This project is an implementation of the simplest (in terms of implementation) possible microbenchmark that compares a single server synchronously echo'ing of data, with one request in flight at a time.
Both the client and server run in one process, communicating over localhost. That leaves the following areas to be measured by the microbenchmark:
- Serialization and Deserialization (JSON vs protobuf)
- Framework/Server Overhead (Spring Rest+Undertow vs gRPC)
You can run this benchmark locally by cloning this repository, and then running mvn compile exec:exec
.
This will start the servers and execute both benchmarks. Each benchmark is executed 10 times. Each time, it runs 20 warmup iterations, and then 20 iterations to capture results. At the end, aggregated results are printed, and the application exits.

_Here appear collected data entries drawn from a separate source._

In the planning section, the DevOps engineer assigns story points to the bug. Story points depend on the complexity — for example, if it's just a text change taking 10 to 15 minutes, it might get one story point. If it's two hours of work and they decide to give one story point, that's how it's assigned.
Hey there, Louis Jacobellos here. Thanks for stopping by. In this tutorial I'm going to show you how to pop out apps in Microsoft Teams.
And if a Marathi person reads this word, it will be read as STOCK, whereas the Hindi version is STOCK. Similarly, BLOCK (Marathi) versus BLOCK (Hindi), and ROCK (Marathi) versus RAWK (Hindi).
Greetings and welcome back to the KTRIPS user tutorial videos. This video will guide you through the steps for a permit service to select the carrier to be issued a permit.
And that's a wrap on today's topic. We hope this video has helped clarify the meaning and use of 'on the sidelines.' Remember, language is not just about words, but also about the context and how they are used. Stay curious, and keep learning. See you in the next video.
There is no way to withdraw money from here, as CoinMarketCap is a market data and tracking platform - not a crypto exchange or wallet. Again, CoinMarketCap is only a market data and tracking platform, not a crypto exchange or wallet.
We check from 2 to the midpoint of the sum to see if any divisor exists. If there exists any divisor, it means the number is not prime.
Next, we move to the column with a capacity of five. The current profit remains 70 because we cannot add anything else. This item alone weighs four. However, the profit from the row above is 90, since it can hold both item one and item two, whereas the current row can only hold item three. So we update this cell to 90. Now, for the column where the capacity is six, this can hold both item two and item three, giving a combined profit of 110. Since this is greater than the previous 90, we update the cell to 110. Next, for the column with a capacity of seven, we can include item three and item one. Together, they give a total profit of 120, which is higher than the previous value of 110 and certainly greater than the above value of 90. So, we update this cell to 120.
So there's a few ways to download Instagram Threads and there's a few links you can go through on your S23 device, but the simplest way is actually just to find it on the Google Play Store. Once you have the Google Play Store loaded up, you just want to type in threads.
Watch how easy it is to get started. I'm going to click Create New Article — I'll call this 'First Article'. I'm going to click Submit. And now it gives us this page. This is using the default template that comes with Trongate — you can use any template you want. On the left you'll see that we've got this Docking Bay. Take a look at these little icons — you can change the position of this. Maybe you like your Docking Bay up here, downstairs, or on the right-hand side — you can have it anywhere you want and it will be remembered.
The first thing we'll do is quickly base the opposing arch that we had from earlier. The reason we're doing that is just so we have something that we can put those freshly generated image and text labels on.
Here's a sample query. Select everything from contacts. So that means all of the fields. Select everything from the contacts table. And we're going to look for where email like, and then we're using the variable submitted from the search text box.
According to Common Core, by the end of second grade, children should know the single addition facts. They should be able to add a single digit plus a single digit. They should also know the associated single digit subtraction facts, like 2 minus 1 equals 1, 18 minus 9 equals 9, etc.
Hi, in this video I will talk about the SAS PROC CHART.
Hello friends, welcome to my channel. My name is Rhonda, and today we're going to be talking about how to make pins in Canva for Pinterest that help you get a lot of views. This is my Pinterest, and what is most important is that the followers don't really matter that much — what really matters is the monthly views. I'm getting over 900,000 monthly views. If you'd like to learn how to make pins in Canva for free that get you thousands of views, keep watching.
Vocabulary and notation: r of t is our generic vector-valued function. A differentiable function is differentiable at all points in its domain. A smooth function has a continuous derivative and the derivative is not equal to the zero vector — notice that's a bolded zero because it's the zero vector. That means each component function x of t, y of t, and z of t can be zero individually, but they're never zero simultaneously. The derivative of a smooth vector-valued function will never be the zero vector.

Running on my desktop (Windows 10, Intel i7-4790K), here were the results:
Benchmark Mode Cnt Score Error Units
GrpcBenchmark.callService thrpt 200 3556.576 ± 38.107 ops/s
RestBenchmark.callService thrpt 200 1810.138 ± 25.264 ops/s
Qualitatively, both benchmarks fully utilize a single CPU core (since only a single concurrent request is used, this is basically the cap). That implies both suites are CPU constrained for this test. That isn't surprising, since there is not real network between client and server.